Basic Text Search

You can perform basic text searching for words and phrases in a document repository stored in a column of a table.

In traditional relational database systems, you must use a LIKE or MATCHES condition to search for text data and use the database server to perform the search. HCL OneDB™ uses the open source CLucene text search package to perform basic text searches. This text search package and its associated functions, known as the text search engine, is specifically designed to perform fast retrieval and automatic indexing of text data. The text search engine runs in virtual processors that are controlled by the database server.

To perform basic text searches, you create a bts index on one or more text columns and then use the bts_contains() search predicate function to query the text data.

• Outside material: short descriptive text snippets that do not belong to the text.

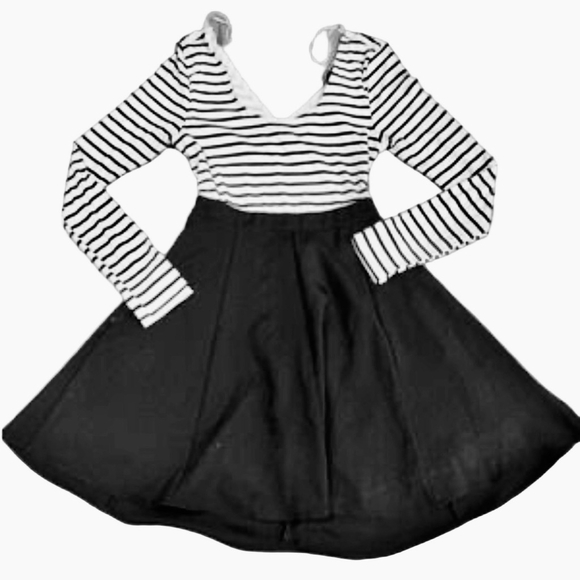 GUESS Black and White Striped Long Sleeve Fit and Flare Dress - Picture 2 of 12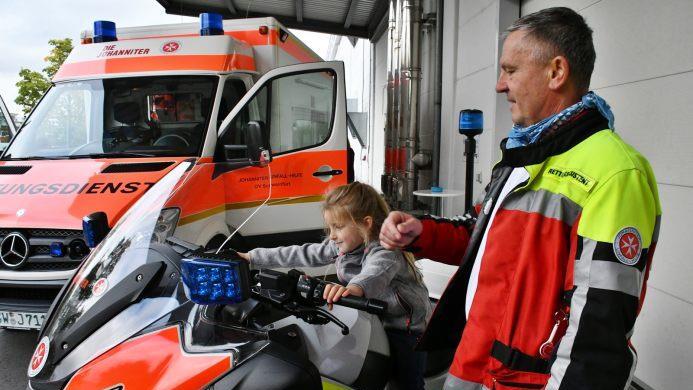 Einmal auf dem großen Motorrad sitzen, wie es die Motorradstaffel der Johanniter aus Würzburg fährt. Das konnte man beim "Maus-Tag" in der Integrierten Leitstelle Schweinfurt. Informationen dazu gab es von Peter Dietl, dem Leiter der Würzburger Motorradstaffel. Hanns Friedrich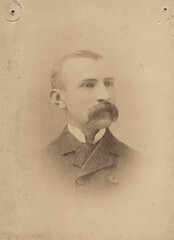Portrait of Mr James Robinson, date unknown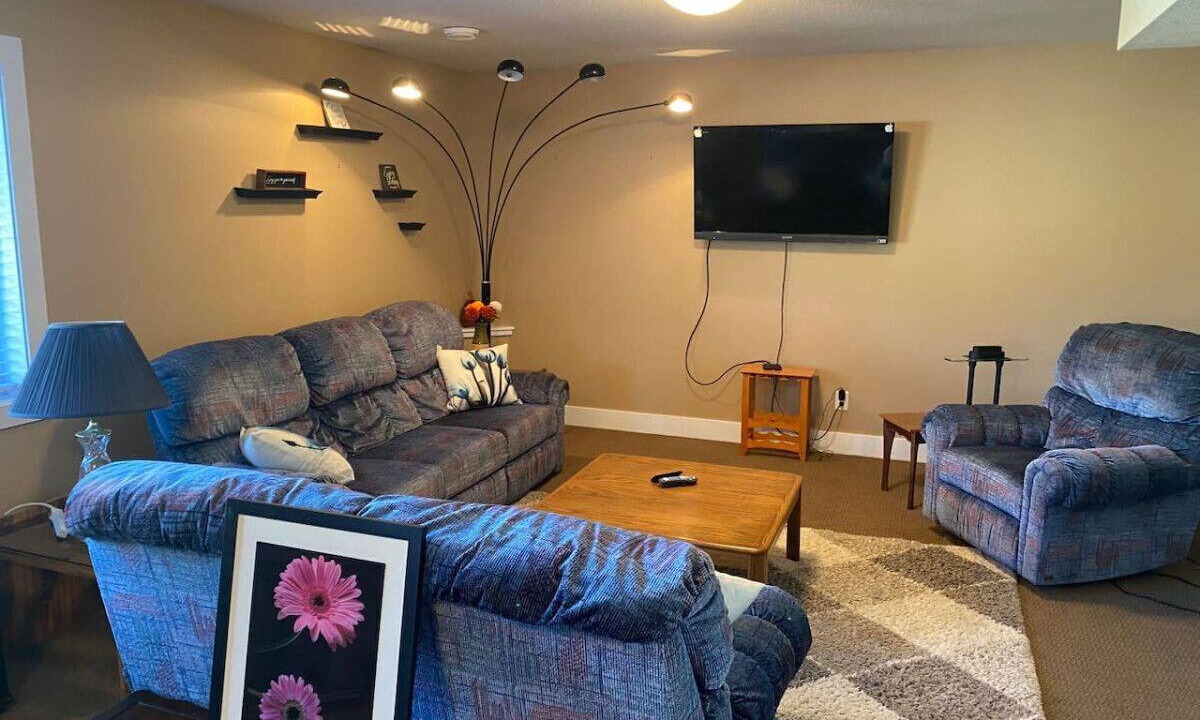 Castlegar Apartment | Uptown Mountainview Suite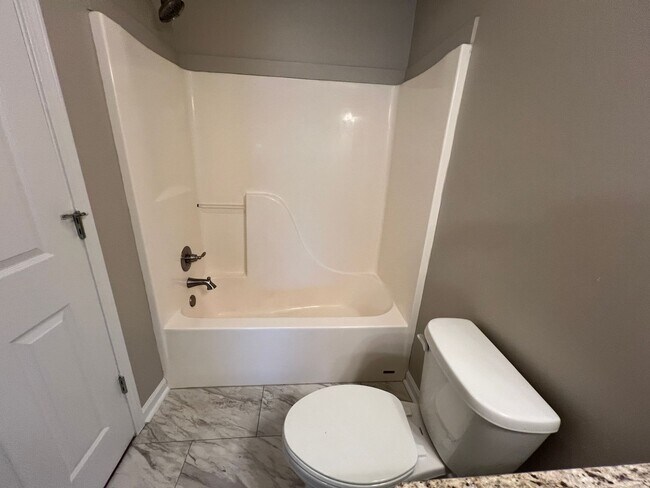 Building Photo - Super Cute 3/2 in Sevierville Close to everything!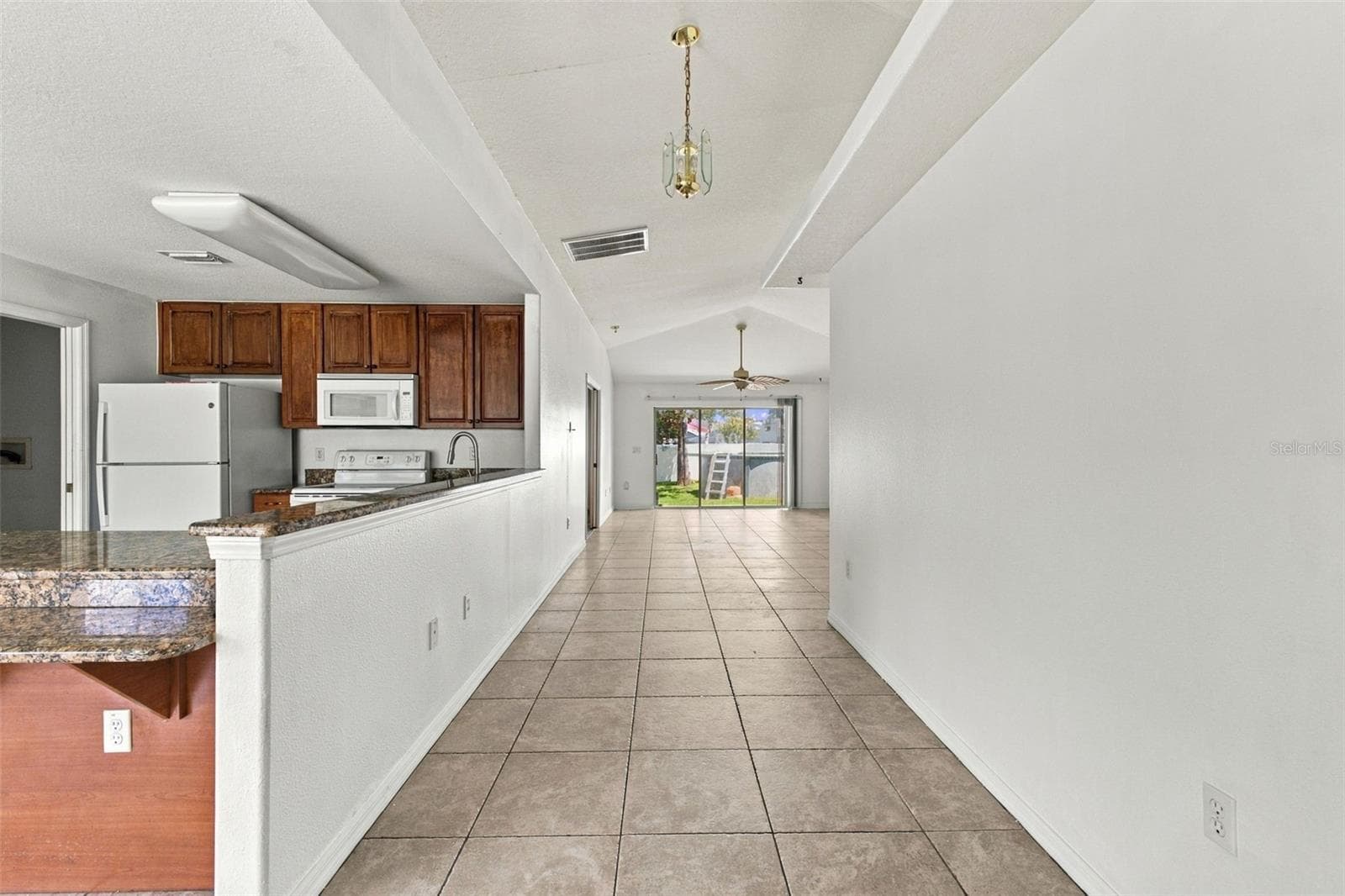 Kitchen/living room - 7195 TOLEDO RD, SPRING HILL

You can configure how to index the text data by specifying an analyzer. Each analyzer uses different criteria to index the data. By default the Standard analyzer is used.

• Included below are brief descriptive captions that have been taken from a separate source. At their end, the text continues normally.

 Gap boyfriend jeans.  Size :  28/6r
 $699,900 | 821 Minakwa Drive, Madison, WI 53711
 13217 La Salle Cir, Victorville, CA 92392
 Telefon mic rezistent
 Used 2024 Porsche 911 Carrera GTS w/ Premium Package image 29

You can specify synonyms for data that has multiple words for the same information, for example, proper names with multiple spellings. You can use canonical mapping to create a static list of synonyms. You can create a thesaurus with synonyms that you can update dynamically.

To search for words and phrases you use a predicate called bts_contains() that instructs the database server to call the text search engine to perform the search.

For example, to search for the string century in the column brands in the table products you use the following statement:
SELECT id FROM products 
WHERE bts_contains(brands, 'century');

The search predicate takes a variety of arguments to make the search more detailed than one using a LIKE condition. Search strategies include single and multiple character wildcard searches, fuzzy and proximity searches, AND, OR and NOT Boolean operations, range options, and term-boosting.

If you store XML, JSON, or BSON documents, you can create customized structured indexes so that you can search columns by XML tags, attributes, and paths, or JSON fields, values, and paths. Customize the index with XML or JSON index parameters.

You can search for unstructured text or, if you use XML index parameters, you can search columns with XML documents by tags, attributes, or XML paths.

You can use basic text search functions to perform maintenance tasks, such as compacting the bts index and obtaining the list of indexed field names.